“By what right did you make of him a votive offering? By what right did you seek to consecrate a child unborn to a claustral life without thought of his character, without reck of the desires that should be his? By what right did you make yourself the arbiter of the future of a man unborn?”
“By what right?” quoth she. “Are you a priest, and do you ask me by what right I vowed him to the service of God?”
“And is there, think you, no way of serving God but in the sterility of the cloister?” he demanded. “Why, since no man is born to damnation, and since by your reasoning the world must mean damnation, then all men should be encloistered, and soon, thus, there would be an end to man. You are too arrogant, Madonna, when you presume to judge what pleases God. Beware lest you fall into the sin of the Pharisee, for often have I seen you stand in danger of it.”
She swayed as if her strength were failing her, and again her pale lips moved.
“Enough, Fra Gervasio! I will go,” I cried.

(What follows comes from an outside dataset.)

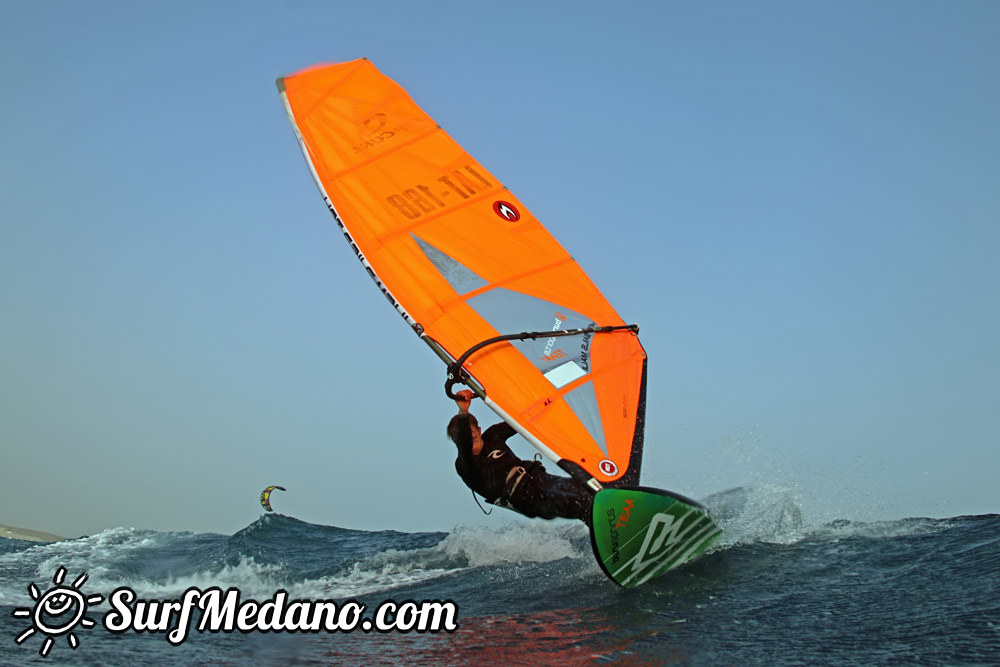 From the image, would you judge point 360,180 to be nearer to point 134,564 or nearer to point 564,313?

“Nay, it is not yet enough,” he answered, and strode down the room until he stood between her and me. “He is what you have made him,” he repeated in denunciation. “Had you studied his nature and his inclinations, had you left them free to develop along the way that God intended, you would have seen whether or not the cloister called him; and then would have been the time to have taken a resolve. But you thought to change his nature by repressing it; and you never saw that if he was not such as you would have him be, then most surely would you doom him to damnation by making an evil priest of him.
“In your Pharisaic arrogance, Madonna, you sought to superimpose your will to God's will concerning him—you confounded God's will with your own. And so his sins recoil upon you as much as upon any. Therefore, Madonna, do I bid you beware. Take a humbler view if you would be acceptable in the Divine sight. Learn to forgive, for I say to you to-day that you stand as greatly in need of forgiveness for the thing that Agostino has done, as does Agostino himself.”
He paused at last, and stood trembling before her, his eyes aflame, his high cheek-bones faintly tinted. And she measured him very calmly and coldly with her sombre eyes.
“Are you a priest?” she asked with steady scorn. “Are you indeed a priest?” And then her invective was loosened, and her voice shrilled and mounted as her anger swayed her. “What a snake have I harboured here!” she cried. “Blasphemer! You show me clearly whence came the impiety and ungodliness of Giovanni d'Anguissola. It had the same source as your own. It was suckled at your mother's breast.”
A sob shook him. “My mother is dead, Madonna!” he rebuked her.